Exchanges in Russia and Ukraine were suspended indefinitely. Russia's government will start buying stocks of domestic companies next week to help support prices, Prime Minister Vladimir Putin said.
Consob, Italy's securities-market regulator, banned all short sales on the country's stocks.
The cost of default protection on corporate bonds soared to records on concern the credit crisis will trigger more failures.
Credit-default swaps on Europe's benchmark Markit iTraxx Crossover index surged 57 basis points to 730, according to JPMorgan. Credit-market indexes in Australia and Japan also rose after the CDX North America Investment Grade index jumped in New York late yesterday.
`Seized Up'
``The wheels of commerce have effectively seized up,'' said Kate Schapiro, who oversees $250 million in equities at Sentinel Asset Management in San Francisco. ``Trapped by the fear of losing everything, we're seeing one-sided selling.''
The International Monetary Fund will use a ``rapid-fire'' emergency-loan program to lend hundreds of billions of dollars to emerging markets as the credit squeeze threatens to hobble nations that until this year were weaning themselves off the fund's aid.
Rio Tinto, the world's third-largest mining company, lost 9.7 percent to 2,483 pence.
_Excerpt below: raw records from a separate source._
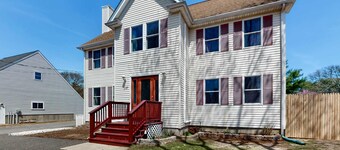 Charming coastal home with sunny rooms, private backyard, & walk to beach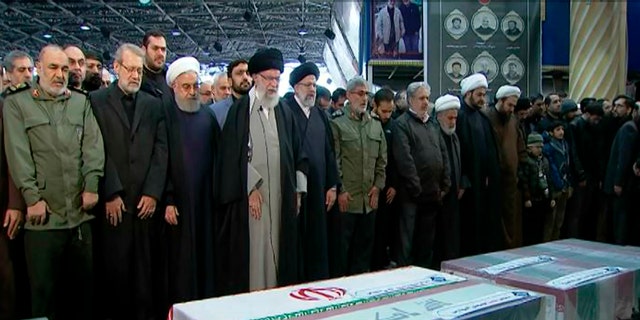 Ayatollah Ali Khamenei, fourth from left, leads a prayer over the coffins of Gen. Qassem Soleimani and others who were killed in Iraq in a U.S. drone strike on Friday. (Office of the Iranian Supreme Leader via AP)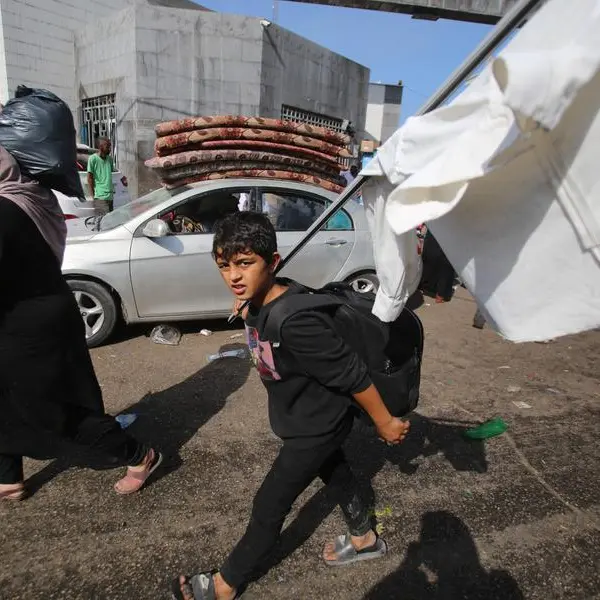Gazans raise white flags to flee Israeli onslaught on foot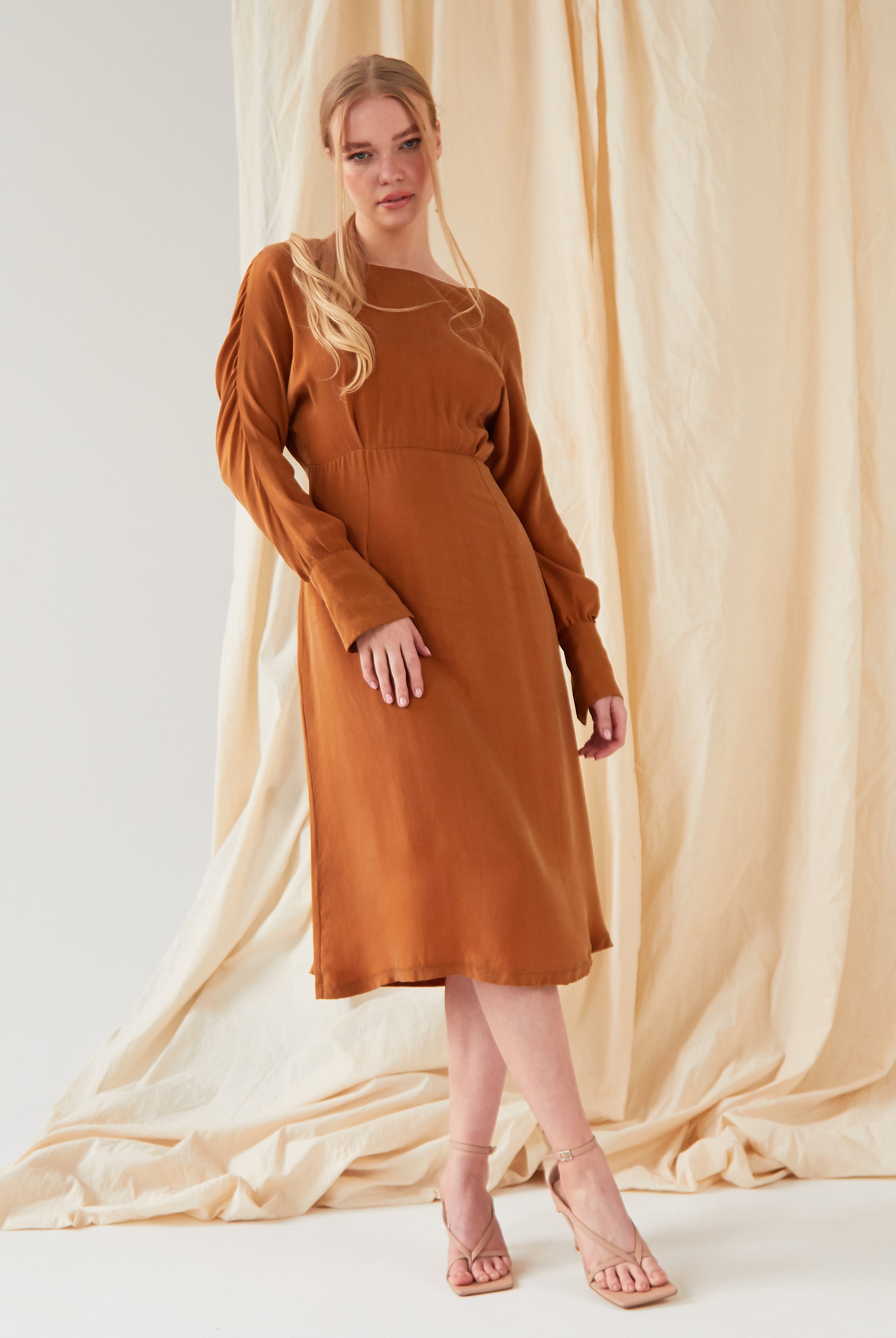 A woman with long blonde hair in a loose ponytail wears the Sarvin Mustard Yellow Midi Dress, styled with beige heeled sandals as she stands gracefully before a cream-colored draped fabric backdrop.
E.ON, Germany's biggest utility, sank 7.7 percent to 26.07 euros.
Barclays slipped 9.1 percent to 219.75 pence. The U.K.'s second-biggest bank said it's ``considering a number of options, including capital raising, relating to the industry-wide commitment.''
U.K. banks as a whole have until the end of the year to add 25 billion pounds ($42 billion) to their reserves under the government's plan, Barclays said in the statement.
Valuations
The MSCI Europe Index traded at 8.61 times the current earnings of the companies in the index yesterday, the cheapest since September 1981, according to data from JPMorgan Chase & Co. in London. The MSCI World Index traded at 10.85 times, the lowest since October 1982, the data show. The S&P 500 traded at 17.39 times earnings, the cheapest since September 2007, based on data compiled by Bloomberg.
Nobel Biocare Holding AG tumbled 25 percent to 21.7 francs. Before today, the company expected sales to rise in the ``low single-digits'' while profitability on earnings before interest and taxation was supposed to remain at 2007 levels at a constant exchange rate.
Chief Executive Officer Domenico Scala, the former Syngenta AG executive brought in to replace Heliane Canepa in July 2007, said Aug. 11 there were ``encouraging initial signs'' of recovery and that the worst might be over in the U.S. market.
Total, Europe's third-largest oil company, dropped 3.9 percent to 34.56 euros. Royal Dutch Shell Plc, the region's biggest, sank 3.3 percent to 1,389 pence.
Crude for November delivery fell as much as $7.02 to $79.57 a barrel in New York. Copper slumped in London, set for its worst week in more than two decades.